Understanding state-of-the-art of internet domain naming system
Do you think the internet based applications accept all the valid domain names and e-mail addresses you use to provide their services?
"Universal Acceptance" in the context of domain names and e-mail addresses could be sounding a bit ironic to some users of the internet. Afterall, we see domain names and e-mails almost everywhere. These apps/websites which get associated with us right from the moment we wake up, to exercise, to ordering breakfast/grocery, to doing work, to learning online, to recreational activities in the evening or at the night, to the very end of the day which many prefer with the soothing music being played on either YouTube/Spotify/Jio Saavn, all are connected to some domain name and get catered to us through some "account" which uses an e-mail in the back-end, right? Then an obvious question comes to mind. Why is the need for a movement called "Universal Acceptance" for them?

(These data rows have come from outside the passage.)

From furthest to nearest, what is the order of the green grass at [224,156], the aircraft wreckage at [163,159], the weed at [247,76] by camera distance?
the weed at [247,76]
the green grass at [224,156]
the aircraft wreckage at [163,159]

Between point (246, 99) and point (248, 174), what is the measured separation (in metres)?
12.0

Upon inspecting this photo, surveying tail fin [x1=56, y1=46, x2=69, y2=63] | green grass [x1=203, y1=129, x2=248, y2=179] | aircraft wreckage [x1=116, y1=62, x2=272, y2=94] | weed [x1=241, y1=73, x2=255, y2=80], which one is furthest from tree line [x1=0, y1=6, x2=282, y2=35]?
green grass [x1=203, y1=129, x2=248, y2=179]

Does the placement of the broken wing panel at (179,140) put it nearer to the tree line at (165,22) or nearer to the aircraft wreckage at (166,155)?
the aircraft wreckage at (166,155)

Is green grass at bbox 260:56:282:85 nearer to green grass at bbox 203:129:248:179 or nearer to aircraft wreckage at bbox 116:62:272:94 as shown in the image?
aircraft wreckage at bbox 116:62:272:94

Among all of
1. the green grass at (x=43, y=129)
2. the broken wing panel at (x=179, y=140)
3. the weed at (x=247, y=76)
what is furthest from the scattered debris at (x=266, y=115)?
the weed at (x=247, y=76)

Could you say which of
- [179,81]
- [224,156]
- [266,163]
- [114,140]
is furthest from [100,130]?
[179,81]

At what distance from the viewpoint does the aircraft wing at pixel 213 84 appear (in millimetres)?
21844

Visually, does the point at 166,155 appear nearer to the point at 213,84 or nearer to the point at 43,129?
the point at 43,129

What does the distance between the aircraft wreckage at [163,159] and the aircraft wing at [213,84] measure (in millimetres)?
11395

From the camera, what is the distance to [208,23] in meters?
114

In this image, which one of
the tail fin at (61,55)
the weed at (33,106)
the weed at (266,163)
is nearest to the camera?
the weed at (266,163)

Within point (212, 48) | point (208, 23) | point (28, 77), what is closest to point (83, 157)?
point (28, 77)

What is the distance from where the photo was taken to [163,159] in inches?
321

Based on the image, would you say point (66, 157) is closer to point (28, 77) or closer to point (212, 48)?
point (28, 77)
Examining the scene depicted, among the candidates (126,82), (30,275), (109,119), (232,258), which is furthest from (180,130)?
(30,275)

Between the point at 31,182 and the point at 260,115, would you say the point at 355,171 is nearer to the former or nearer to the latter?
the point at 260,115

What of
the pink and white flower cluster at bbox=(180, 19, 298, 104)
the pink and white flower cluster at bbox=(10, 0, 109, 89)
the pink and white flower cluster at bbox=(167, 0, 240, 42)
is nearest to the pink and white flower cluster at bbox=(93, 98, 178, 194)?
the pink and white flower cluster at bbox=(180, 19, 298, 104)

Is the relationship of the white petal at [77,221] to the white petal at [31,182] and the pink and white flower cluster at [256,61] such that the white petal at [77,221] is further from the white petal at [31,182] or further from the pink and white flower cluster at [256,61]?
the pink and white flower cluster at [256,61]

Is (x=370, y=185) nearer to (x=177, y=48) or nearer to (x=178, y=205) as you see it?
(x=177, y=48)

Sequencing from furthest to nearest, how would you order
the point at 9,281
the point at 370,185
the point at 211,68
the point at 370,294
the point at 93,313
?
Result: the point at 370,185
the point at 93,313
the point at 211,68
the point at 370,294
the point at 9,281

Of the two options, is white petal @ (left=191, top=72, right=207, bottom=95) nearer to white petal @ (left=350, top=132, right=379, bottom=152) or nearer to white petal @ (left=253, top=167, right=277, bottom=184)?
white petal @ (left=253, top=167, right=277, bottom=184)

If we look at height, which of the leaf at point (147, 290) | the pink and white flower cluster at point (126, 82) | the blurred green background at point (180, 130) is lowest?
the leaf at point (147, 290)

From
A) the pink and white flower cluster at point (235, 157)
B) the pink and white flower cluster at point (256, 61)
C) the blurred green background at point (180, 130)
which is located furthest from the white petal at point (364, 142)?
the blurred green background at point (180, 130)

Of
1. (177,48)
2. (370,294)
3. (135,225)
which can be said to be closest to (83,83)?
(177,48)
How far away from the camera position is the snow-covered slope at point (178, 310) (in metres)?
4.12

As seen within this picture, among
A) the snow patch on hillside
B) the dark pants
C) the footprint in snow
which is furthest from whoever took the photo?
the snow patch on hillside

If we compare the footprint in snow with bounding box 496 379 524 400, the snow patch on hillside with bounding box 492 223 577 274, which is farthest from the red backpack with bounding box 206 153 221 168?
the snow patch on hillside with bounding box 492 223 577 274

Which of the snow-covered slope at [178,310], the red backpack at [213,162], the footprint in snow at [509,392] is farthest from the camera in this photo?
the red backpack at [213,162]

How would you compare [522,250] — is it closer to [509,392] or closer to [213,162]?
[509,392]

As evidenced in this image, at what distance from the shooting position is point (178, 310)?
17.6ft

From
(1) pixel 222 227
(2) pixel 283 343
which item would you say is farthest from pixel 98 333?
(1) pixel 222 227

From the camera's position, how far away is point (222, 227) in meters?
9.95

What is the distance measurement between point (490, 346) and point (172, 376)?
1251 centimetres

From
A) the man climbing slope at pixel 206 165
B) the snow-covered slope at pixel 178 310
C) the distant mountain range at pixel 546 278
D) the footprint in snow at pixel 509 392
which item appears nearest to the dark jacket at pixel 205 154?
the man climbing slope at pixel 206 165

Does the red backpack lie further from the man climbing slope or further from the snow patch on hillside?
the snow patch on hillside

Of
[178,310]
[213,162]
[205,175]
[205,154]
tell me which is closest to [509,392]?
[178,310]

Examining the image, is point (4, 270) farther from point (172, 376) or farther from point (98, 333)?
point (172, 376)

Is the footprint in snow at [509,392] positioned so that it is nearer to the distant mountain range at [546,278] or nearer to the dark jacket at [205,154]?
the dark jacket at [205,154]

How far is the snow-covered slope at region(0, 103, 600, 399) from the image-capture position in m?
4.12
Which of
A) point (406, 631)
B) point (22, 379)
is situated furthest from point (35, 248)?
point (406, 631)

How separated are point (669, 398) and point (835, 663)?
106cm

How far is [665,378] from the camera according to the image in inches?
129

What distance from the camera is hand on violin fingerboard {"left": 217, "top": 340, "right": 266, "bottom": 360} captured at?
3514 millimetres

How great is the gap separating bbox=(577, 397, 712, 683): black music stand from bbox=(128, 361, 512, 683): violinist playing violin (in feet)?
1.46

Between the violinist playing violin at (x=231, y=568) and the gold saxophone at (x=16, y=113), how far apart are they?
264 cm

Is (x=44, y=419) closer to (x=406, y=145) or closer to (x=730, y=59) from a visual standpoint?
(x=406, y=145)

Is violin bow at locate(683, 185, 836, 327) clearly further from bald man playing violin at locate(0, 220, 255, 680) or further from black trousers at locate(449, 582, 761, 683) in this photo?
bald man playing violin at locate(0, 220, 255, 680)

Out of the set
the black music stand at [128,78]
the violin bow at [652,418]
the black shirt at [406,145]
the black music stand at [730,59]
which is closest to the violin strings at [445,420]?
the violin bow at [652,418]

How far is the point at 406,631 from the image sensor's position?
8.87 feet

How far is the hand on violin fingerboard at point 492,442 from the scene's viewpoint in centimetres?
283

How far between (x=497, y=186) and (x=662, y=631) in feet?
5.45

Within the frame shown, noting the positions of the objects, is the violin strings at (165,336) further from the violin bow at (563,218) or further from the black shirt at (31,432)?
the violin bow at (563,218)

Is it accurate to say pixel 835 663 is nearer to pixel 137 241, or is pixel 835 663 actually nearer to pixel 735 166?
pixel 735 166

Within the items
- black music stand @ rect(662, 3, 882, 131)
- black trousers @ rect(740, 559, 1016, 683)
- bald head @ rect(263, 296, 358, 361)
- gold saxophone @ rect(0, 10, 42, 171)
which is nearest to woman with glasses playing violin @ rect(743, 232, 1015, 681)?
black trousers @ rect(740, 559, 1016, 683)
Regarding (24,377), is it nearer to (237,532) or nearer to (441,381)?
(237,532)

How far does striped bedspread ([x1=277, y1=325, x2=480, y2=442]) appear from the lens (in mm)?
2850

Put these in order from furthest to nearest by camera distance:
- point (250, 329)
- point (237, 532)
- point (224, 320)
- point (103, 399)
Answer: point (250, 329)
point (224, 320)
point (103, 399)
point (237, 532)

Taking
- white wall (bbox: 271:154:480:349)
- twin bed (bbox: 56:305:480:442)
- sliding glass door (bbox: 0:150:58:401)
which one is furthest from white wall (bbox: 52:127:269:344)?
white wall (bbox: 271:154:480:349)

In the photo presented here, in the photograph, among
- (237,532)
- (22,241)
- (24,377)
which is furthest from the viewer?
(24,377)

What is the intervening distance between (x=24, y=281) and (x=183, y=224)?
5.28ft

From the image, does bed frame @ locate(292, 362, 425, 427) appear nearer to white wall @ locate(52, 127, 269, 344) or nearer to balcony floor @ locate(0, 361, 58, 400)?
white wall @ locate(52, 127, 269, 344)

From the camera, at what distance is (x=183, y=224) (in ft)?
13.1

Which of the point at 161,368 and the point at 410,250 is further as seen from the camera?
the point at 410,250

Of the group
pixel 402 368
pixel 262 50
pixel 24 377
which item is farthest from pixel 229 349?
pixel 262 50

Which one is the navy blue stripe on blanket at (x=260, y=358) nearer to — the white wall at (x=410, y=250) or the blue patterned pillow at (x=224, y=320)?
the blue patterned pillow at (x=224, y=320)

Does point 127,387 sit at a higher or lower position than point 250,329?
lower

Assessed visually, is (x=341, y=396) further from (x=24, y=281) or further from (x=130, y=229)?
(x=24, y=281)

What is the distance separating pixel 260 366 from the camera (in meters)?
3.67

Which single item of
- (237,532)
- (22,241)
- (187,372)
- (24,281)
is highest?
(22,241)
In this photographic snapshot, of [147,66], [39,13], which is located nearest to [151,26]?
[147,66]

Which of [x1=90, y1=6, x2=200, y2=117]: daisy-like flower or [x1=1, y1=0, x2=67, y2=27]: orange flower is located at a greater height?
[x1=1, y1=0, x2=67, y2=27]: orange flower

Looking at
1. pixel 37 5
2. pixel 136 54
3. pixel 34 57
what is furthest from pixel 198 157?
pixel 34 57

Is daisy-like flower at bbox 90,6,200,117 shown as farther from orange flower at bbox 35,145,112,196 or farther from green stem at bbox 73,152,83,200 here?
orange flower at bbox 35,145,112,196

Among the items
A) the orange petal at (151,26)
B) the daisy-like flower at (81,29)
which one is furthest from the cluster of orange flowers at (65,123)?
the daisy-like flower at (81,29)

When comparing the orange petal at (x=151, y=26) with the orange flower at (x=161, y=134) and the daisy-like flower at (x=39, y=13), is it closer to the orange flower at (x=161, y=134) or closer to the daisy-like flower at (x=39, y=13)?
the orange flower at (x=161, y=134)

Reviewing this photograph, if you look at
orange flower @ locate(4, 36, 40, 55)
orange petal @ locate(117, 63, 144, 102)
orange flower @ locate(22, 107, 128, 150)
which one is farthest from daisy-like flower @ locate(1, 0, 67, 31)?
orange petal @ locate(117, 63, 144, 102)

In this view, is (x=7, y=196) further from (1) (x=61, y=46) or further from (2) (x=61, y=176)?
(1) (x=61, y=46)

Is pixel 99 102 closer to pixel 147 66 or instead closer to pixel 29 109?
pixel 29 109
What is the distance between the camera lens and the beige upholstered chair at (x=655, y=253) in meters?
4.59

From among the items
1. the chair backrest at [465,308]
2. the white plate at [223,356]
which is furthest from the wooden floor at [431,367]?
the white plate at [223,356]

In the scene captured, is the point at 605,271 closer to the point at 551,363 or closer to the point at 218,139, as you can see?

Well, though domain names and e-mail addresses are so pervasive on our daily lives, if you look closely, they majorly belong to one text script only and that is Latin. You do not often find them into any of the other scripts. This however is not the reflection of the lack of technology support. Technology support exists for them in the form of "Internationalized Domain Names" (IDNs) since early 2003, and more formally in a robust manner since 2008. The only thing that is holding wider adoption of the same is the classic "chicken and egg - demand supply issue" here !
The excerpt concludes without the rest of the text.